Requirement: Would you retype exactly the lines below, starting with the one that has "Лайки бегут по лесу" and going on through the one that has "نخل واشنطن امريكي", with no pictures and nothing else?

Given entries:

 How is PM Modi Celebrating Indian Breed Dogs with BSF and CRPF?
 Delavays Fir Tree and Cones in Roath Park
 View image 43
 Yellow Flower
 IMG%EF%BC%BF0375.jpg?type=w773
* * *
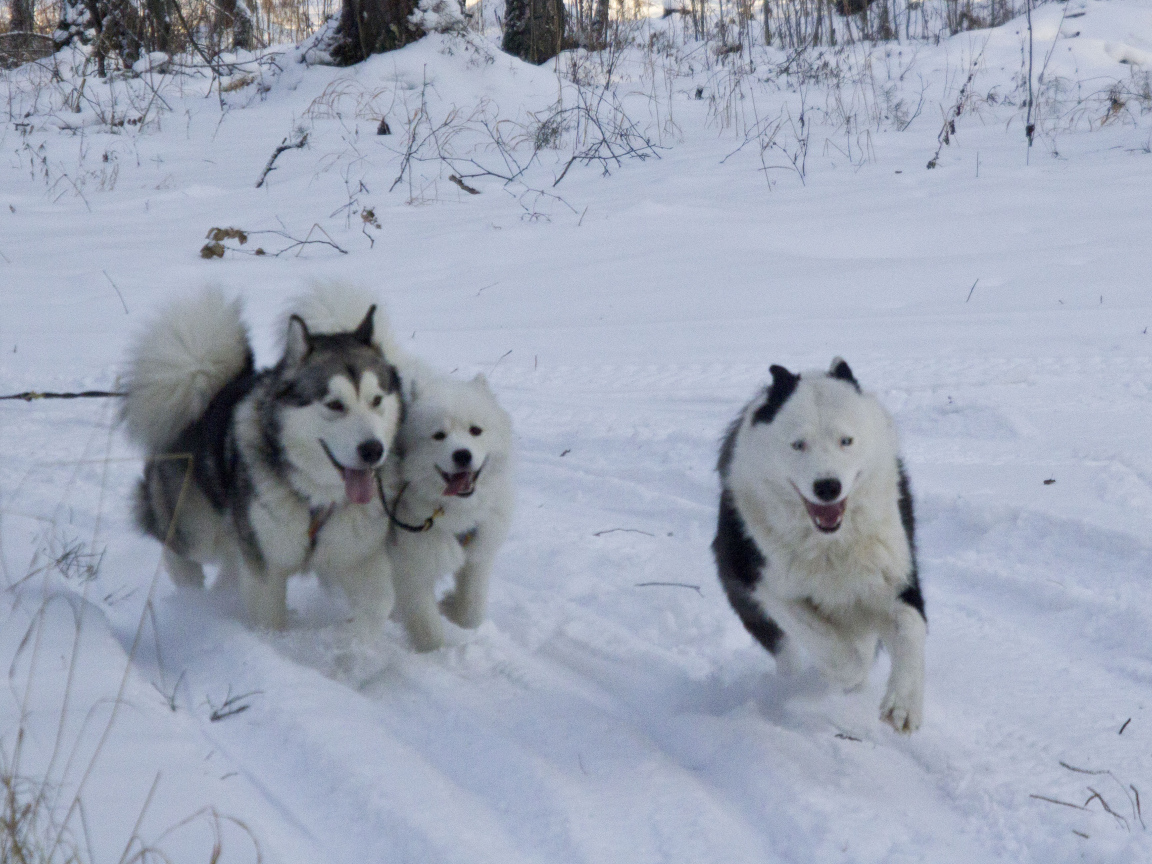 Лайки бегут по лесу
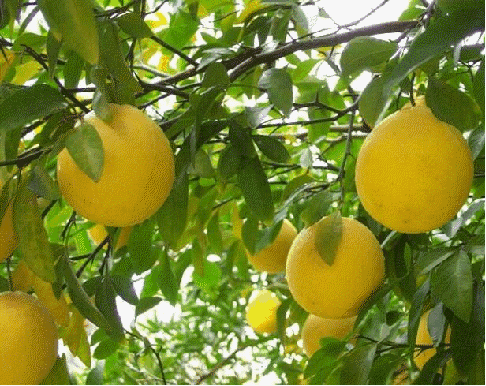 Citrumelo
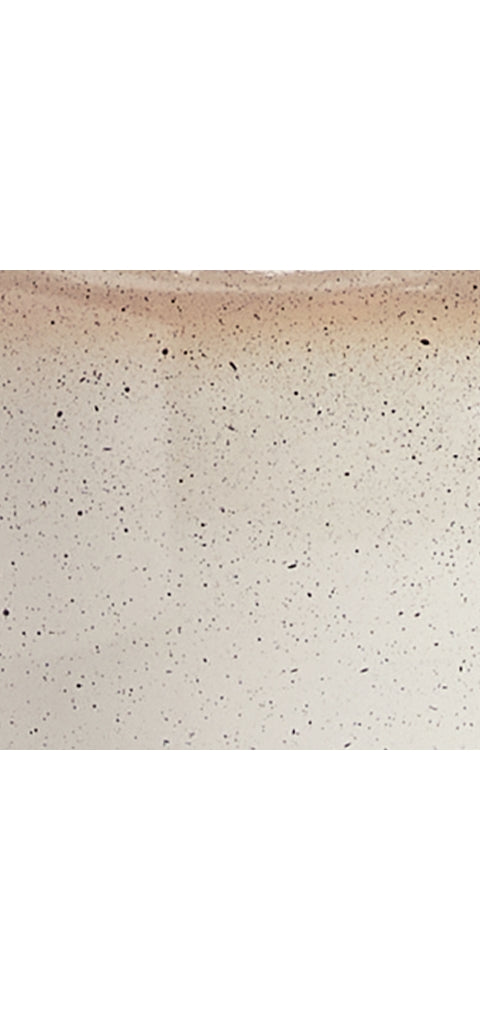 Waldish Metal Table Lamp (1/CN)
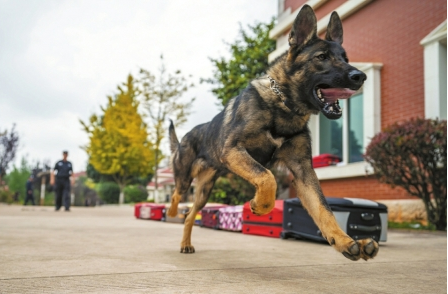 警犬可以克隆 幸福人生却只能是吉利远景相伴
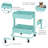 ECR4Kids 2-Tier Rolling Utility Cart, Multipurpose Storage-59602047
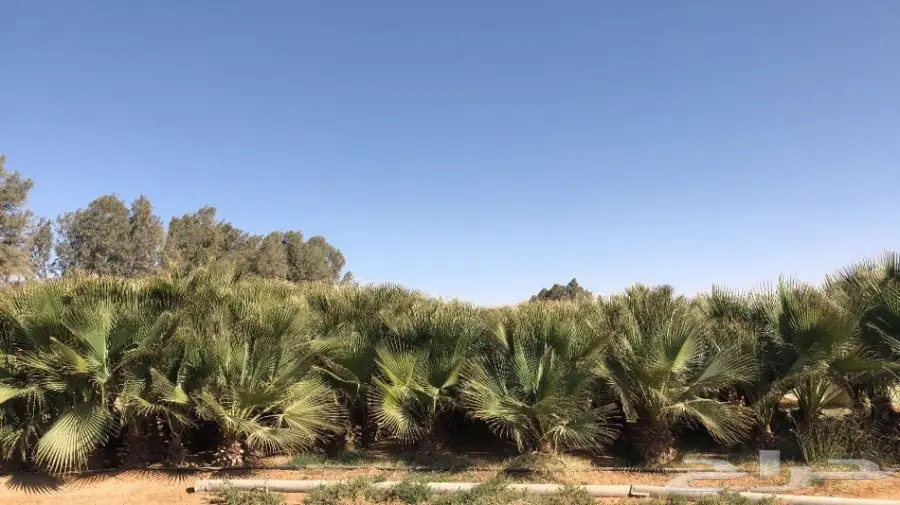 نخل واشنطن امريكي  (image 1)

Result of this exercise:
 Лайки бегут по лесу
 Citrumelo
 Waldish Metal Table Lamp (1/CN)
 警犬可以克隆 幸福人生却只能是吉利远景相伴
 ECR4Kids 2-Tier Rolling Utility Cart, Multipurpose Storage-59602047
 نخل واشنطن امريكي  (image 1)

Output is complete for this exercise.